Similarly, don't simply use GenAI to write your report; you won't do well with a one-off "write my report for me" prompt. You will be much better off if you work collaboratively with GenAI to help clarify your own thinking and then flesh out your ideas in a way that is clear and compelling. You can also use GenAI to help you critically evaluate your work (or pitch), play devil's advocate, and brainstorm ways to improve it. The more you engage with the material and the more you think more deeply about your pitch, the better your final product will be. Remember that AI is generally very bad at predicting what human audiences will find interesting, compelling, or authentic. Similarly, GenAI is generally bad at writing authentic-sounding prose that captures your unique voice and perspective (though it's great at copyediting tasks like formatting references, fixing grammar and spelling, and helping out with wording tweaks).
🗣️ Write up your findings
Write up your results (roughly 2--3 pages, double spaced). Your write-up should address the following:
- Your pitch diary (from Steps 2.5 and 4.5): Include your before-and-after diary entries. How did your perspective shift over the course of the lab?

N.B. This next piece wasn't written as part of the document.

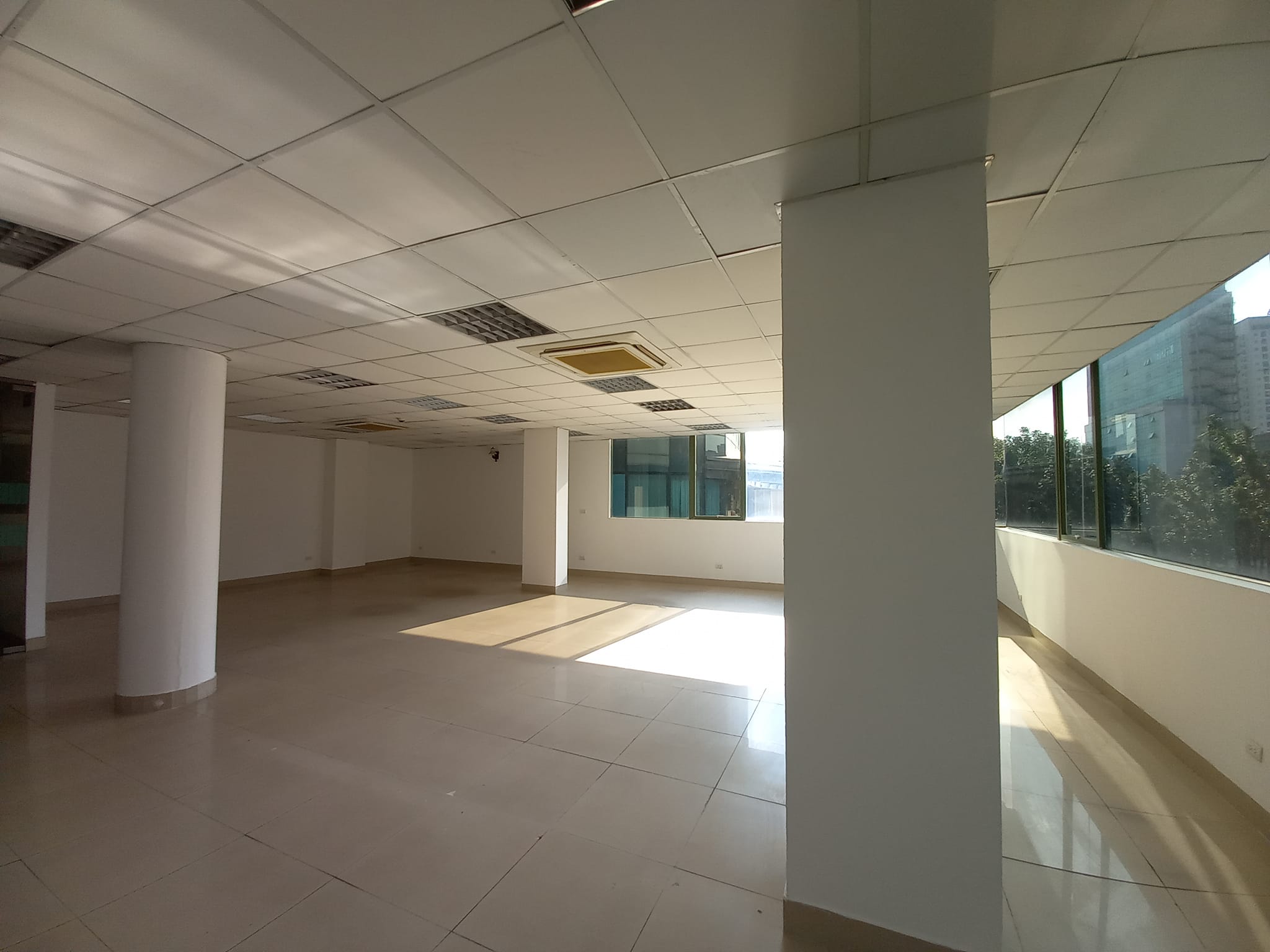 Bán tòa văn phòng - kinh doanh - mặt phố đẹp nhất Hoàng Quốc Việt Lh 0823757975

- What was hardest? What was the most challenging part of creating and delivering your group's pitch? What would you do differently next time?
- A moment that changed your mind: Describe a specific moment during another group's pitch where your opinion shifted-- you became more interested, more skeptical, or saw something in a new way. What caused that shift?
- Predictions vs. reality: What did the data reveal that surprised you? Where were your predictions wrong, and why do you think you misjudged? Use the group feedback data and at least one figure to support your analysis.
- Pitch vs. idea: Choose the pitch or idea you think was best (it could be your group's, but it doesn't need to be). Note: this is intentionally ambiguous-- a great pitch might sell a mediocre idea, and a brilliant idea might be undermined by a weak presentation. Reflect on whether you're evaluating the quality of the idea or the quality of the pitch, and how (or whether) those can be separated.
- GenAI reflection: How did you use generative AI during this lab? What did you learn from the interaction? Did the AI's suggestions improve your pitch, your analysis, or your write-up? Where did it fall short? Do you think you leveraged GenAI to its full potential? What could you use help with in the future in order to use GenAI more effectively?
🗣️ Closing discussion points
This lab is designed to get you thinking about writing the "Introduction" sections of scientific articles, but you didn't actually write an Introduction section! Why do you think this might be? Is it a bug or a feature?
An effective paper introduction will introduce your question or idea to your audience, discuss any relevant background information, and briefly explain your approach. Think about how the different elements of this lab might relate to introducing a paper.
Finally, I'd like you to think about how the questions we've considered in this lab might pertain to other aspects of scientific research:
- What are some strategies you might use to get someone else excited about your research project?
- What are some different formats that your "pitch" could take?
- How might your approach differ under different circumstances?
- The classic "30 second elevator pitch" (e.g., imagine you're riding in an elevator with a prospective investor, company CEO, or someone else you want to impress or convince)
- Talking to a group of first graders at a local school
- Describing your work to other scientists at an international conference
- Telling a stranger about your idea during a social event (e.g., party, cocktail hour, formal reception, etc.)